## ACTIVITY
Each record below is to be set down again precisely.

[Short descriptive text snippets]
=== Section Start ===

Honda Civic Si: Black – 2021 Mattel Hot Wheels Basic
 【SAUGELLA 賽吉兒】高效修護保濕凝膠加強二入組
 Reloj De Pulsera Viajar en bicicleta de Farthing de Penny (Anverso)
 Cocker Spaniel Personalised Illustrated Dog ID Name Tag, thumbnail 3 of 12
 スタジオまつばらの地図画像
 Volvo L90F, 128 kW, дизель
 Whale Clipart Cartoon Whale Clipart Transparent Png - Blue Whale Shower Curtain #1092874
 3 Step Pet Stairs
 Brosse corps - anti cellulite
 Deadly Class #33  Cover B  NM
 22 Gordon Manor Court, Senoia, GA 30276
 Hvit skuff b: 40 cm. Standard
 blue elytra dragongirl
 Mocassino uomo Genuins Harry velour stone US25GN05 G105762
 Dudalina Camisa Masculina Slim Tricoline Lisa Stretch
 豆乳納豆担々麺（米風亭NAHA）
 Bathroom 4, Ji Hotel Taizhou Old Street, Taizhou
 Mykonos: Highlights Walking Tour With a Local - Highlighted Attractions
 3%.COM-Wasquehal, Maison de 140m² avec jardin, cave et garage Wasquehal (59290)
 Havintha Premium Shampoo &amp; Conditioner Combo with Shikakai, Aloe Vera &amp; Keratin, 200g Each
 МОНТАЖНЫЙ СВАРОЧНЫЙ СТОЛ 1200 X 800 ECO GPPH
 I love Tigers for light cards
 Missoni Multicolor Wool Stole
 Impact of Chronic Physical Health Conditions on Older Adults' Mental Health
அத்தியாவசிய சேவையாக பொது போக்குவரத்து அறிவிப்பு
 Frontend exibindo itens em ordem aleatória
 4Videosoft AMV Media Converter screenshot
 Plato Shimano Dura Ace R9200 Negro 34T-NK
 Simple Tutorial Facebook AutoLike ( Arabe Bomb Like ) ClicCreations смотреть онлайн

=== Section End ===

## EXERCISE OUTPUT
Honda Civic Si: Black – 2021 Mattel Hot Wheels Basic
 【SAUGELLA 賽吉兒】高效修護保濕凝膠加強二入組
 Reloj De Pulsera Viajar en bicicleta de Farthing de Penny (Anverso)
 Cocker Spaniel Personalised Illustrated Dog ID Name Tag, thumbnail 3 of 12
 スタジオまつばらの地図画像
 Volvo L90F, 128 kW, дизель
 Whale Clipart Cartoon Whale Clipart Transparent Png - Blue Whale Shower Curtain #1092874
 3 Step Pet Stairs
 Brosse corps - anti cellulite
 Deadly Class #33  Cover B  NM
 22 Gordon Manor Court, Senoia, GA 30276
 Hvit skuff b: 40 cm. Standard
 blue elytra dragongirl
 Mocassino uomo Genuins Harry velour stone US25GN05 G105762
 Dudalina Camisa Masculina Slim Tricoline Lisa Stretch
 豆乳納豆担々麺（米風亭NAHA）
 Bathroom 4, Ji Hotel Taizhou Old Street, Taizhou
 Mykonos: Highlights Walking Tour With a Local - Highlighted Attractions
 3%.COM-Wasquehal, Maison de 140m² avec jardin, cave et garage Wasquehal (59290)
 Havintha Premium Shampoo &amp; Conditioner Combo with Shikakai, Aloe Vera &amp; Keratin, 200g Each
 МОНТАЖНЫЙ СВАРОЧНЫЙ СТОЛ 1200 X 800 ECO GPPH
 I love Tigers for light cards
 Missoni Multicolor Wool Stole
 Impact of Chronic Physical Health Conditions on Older Adults' Mental Health
அத்தியாவசிய சேவையாக பொது போக்குவரத்து அறிவிப்பு
 Frontend exibindo itens em ordem aleatória
 4Videosoft AMV Media Converter screenshot
 Plato Shimano Dura Ace R9200 Negro 34T-NK
 Simple Tutorial Facebook AutoLike ( Arabe Bomb Like ) ClicCreations смотреть онлайн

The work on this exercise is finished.